Samael - Solar Soul (2007)

While Samael wouldn't ultimately jump back on the horse for me until the angrier, 2009 effort Above, their seventh full-length 'heavy' album (discounting the experimental contractual filler Era One/Lesson in Magick #1) Solar Soul at least pulled out a little damage control for the stunningly mediocre Reign of Light. In other words, it was clear by this point that they had hit their nadir, swirled around the bottom of whatever bottle was indulging their respective identity crises, and decided to swim back up to the surface and take a few breaths. Once again, I really, really enjoyed this when I first came across it, but was obviously listening through rose-colored...ear. After a few months or so, I came to the decision that this was not in fact some savior of a record to reaffirm they could attain the brilliant level they were at in the mid 90s.

However, the songwriting chops here seem to hearken to their glory days, and there are actually a few tunes on this one which I'd include with any career-wide highlight reel. It's still quite a bit cheesy in the lyrical department, recycling the 'let's all hold hands together' globalist hippie garbage promoted so heavily on the prior few albums, almost like this band of former Swiss occultists had suddenly discovered Krishna, or tantra, or universal unitarianism, or whatever. But at least the music here serves up a serious beating when matched against the electroid detritus of Reign of Light and Era One... The guitars still bounce back and forth between the inspirational hooks and chords of earlier works and the vapid dumbell chugging of the most LCD industrial metal you can fathom, but there is far more effort placed in the context of harmonies and other melodic structures. It's a busier album than Eternal, for example, and I really like that the guitars were reasserting themselves as a riffing force rather than passive accompaniment to the beats and synthesizers. Remarkably, it still adheres to that sense of Romantic escapism which defined that album as so unique at the end of the 90s...

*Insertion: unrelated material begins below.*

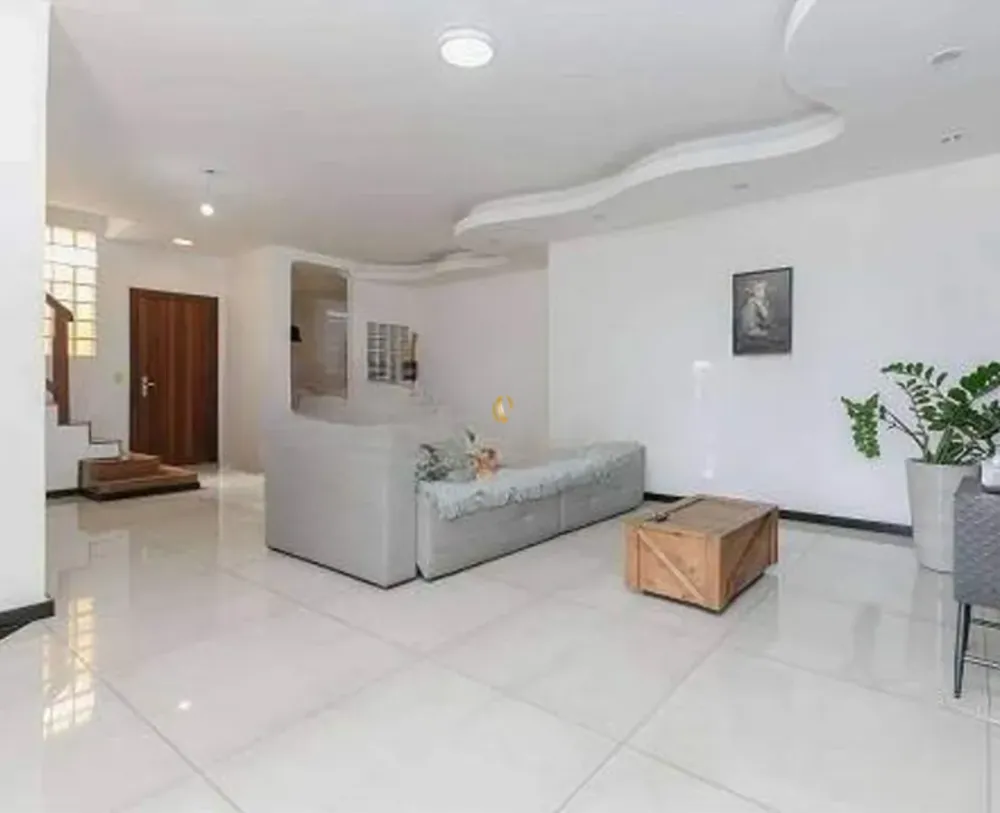 Casa, 3 quartos, 293 m² - Foto 3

...to the point that I really feel like, if you stripped off its production and just analyzed how the songs played out, it's like an amalgamation of tracks that were left on the cutting room floor during both the Eternal and Reign of Light sessions, but with a refined production that itself is stronger than either. There are a couple dragging, lame tracks where they err on the electronic side a little too much (like "Western Ground" or the Rammstein-in-the-Orient vibes of "Quasar Waves") but they also beat you over the head a few times, foreshadowing the aggression level of Above ("On the Rise", or the chorus to "Valkyries'"). The synthesized horns smack of Reign of Light and Passage both, the vocals are largely in the style they had been since 1994, but once awhile they'd surprise me with a tune that follows in the 'spirit' of a precursor, but adds a new twist in the keyboard pads used, or the direct construction of the rhythm guitars. For instance, "Olympus" seems like a callback to "Jupiterian Vibe", but the guitars are nearly as interesting, more so than something like "Ave!", which isn't so compelling, or the prior decade's "Tribes of Cain" which was obviously a less inspired rehash they didn't want on Passage itself due to the redundancy it would create for the listener.

In the end, though, Solar Soul just doesn't go far enough into either a new direction or back into the past to really have made much of a difference. It thankfully and deservedly avoided the dumping on that Reign of Light took, but after perhaps a half dozen listens I recall shelving it and rarely having the interest in hearing it again when Passage, Ceremony of Opposites or Eternal were available to me. A tight album, which fixes some of that awkwardness which stunted its predecessor, and confirms to the more confused corner of their audience that they weren't going vocal electronica full-time (which a few folks might have feared when hearing Era One); and not unpleasant to listen to. In 2007, I might have ranked this a point or so higher, but time hasn't been the kindest in terms of keeping this set of songs moored in my memory banks, so it remains among their least visited albums in my collection, excepting the two before it. If nothing else, Samael seemed to be gaining ground again, instead of losing it, and the gradual incline in quality it hastened has since continued through Above and Lux Mundi.